**INPUT DATA:**

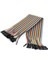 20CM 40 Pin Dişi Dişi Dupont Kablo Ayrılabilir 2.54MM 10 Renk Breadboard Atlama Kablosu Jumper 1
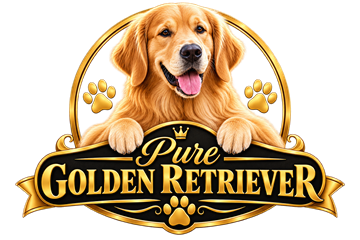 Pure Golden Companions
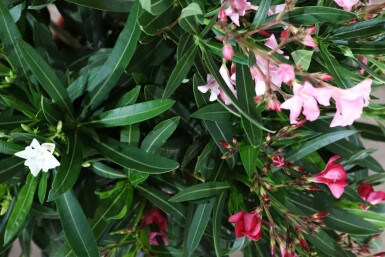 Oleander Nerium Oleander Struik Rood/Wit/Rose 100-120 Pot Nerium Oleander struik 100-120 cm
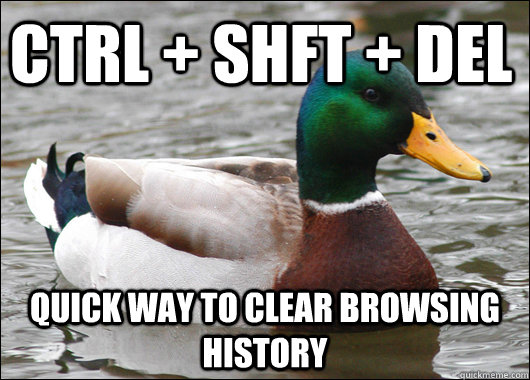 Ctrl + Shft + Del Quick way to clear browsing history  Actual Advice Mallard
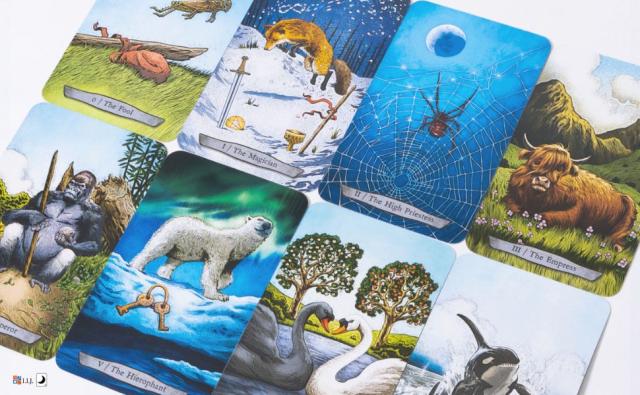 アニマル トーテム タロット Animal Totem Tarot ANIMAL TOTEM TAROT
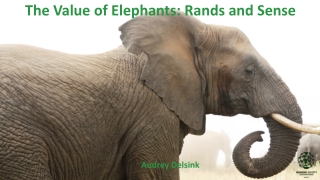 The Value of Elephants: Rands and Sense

**WORK TASK:**
Retype exactly the lines from the one containing "Pure Golden Companions" through the last line of the records above, both included, and leave out any pictures.

**RESULT OF THIS TASK:**
 Pure Golden Companions
 Oleander Nerium Oleander Struik Rood/Wit/Rose 100-120 Pot Nerium Oleander struik 100-120 cm
 Ctrl + Shft + Del Quick way to clear browsing history  Actual Advice Mallard
 アニマル トーテム タロット Animal Totem Tarot ANIMAL TOTEM TAROT
 The Value of Elephants: Rands and Sense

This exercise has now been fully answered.